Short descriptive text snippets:
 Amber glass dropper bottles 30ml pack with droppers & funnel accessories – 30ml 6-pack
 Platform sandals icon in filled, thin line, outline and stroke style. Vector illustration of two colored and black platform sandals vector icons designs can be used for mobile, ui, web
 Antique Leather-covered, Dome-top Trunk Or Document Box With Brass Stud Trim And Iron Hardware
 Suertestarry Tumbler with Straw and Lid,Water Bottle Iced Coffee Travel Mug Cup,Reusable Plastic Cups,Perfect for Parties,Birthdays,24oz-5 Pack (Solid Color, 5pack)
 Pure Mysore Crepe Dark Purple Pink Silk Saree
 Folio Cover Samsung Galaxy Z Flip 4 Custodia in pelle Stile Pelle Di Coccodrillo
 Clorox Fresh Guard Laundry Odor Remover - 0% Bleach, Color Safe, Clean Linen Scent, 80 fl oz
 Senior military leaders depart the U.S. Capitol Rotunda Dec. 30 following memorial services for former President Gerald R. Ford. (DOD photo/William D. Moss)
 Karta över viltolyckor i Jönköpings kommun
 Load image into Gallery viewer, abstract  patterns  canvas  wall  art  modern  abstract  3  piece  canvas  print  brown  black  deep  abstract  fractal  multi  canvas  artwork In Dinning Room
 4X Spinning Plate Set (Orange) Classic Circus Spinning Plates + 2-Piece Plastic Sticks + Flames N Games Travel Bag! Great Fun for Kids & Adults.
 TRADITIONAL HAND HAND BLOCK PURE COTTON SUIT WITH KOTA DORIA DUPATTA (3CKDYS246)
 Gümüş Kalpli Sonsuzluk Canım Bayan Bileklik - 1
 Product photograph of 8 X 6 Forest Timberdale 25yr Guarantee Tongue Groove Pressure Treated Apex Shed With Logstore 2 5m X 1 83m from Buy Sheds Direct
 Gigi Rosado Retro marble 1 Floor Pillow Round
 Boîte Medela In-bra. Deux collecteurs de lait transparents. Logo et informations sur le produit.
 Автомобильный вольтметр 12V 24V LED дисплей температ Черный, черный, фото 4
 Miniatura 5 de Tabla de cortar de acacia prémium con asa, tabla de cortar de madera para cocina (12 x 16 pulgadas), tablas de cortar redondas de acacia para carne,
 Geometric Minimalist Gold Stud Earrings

> What this task involves: Make an exact copy of the data above.

> Finished task:
 Amber glass dropper bottles 30ml pack with droppers & funnel accessories – 30ml 6-pack
 Platform sandals icon in filled, thin line, outline and stroke style. Vector illustration of two colored and black platform sandals vector icons designs can be used for mobile, ui, web
 Antique Leather-covered, Dome-top Trunk Or Document Box With Brass Stud Trim And Iron Hardware
 Suertestarry Tumbler with Straw and Lid,Water Bottle Iced Coffee Travel Mug Cup,Reusable Plastic Cups,Perfect for Parties,Birthdays,24oz-5 Pack (Solid Color, 5pack)
 Pure Mysore Crepe Dark Purple Pink Silk Saree
 Folio Cover Samsung Galaxy Z Flip 4 Custodia in pelle Stile Pelle Di Coccodrillo
 Clorox Fresh Guard Laundry Odor Remover - 0% Bleach, Color Safe, Clean Linen Scent, 80 fl oz
 Senior military leaders depart the U.S. Capitol Rotunda Dec. 30 following memorial services for former President Gerald R. Ford. (DOD photo/William D. Moss)
 Karta över viltolyckor i Jönköpings kommun
 Load image into Gallery viewer, abstract  patterns  canvas  wall  art  modern  abstract  3  piece  canvas  print  brown  black  deep  abstract  fractal  multi  canvas  artwork In Dinning Room
 4X Spinning Plate Set (Orange) Classic Circus Spinning Plates + 2-Piece Plastic Sticks + Flames N Games Travel Bag! Great Fun for Kids & Adults.
 TRADITIONAL HAND HAND BLOCK PURE COTTON SUIT WITH KOTA DORIA DUPATTA (3CKDYS246)
 Gümüş Kalpli Sonsuzluk Canım Bayan Bileklik - 1
 Product photograph of 8 X 6 Forest Timberdale 25yr Guarantee Tongue Groove Pressure Treated Apex Shed With Logstore 2 5m X 1 83m from Buy Sheds Direct
 Gigi Rosado Retro marble 1 Floor Pillow Round
 Boîte Medela In-bra. Deux collecteurs de lait transparents. Logo et informations sur le produit.
 Автомобильный вольтметр 12V 24V LED дисплей температ Черный, черный, фото 4
 Miniatura 5 de Tabla de cortar de acacia prémium con asa, tabla de cortar de madera para cocina (12 x 16 pulgadas), tablas de cortar redondas de acacia para carne,
 Geometric Minimalist Gold Stud Earrings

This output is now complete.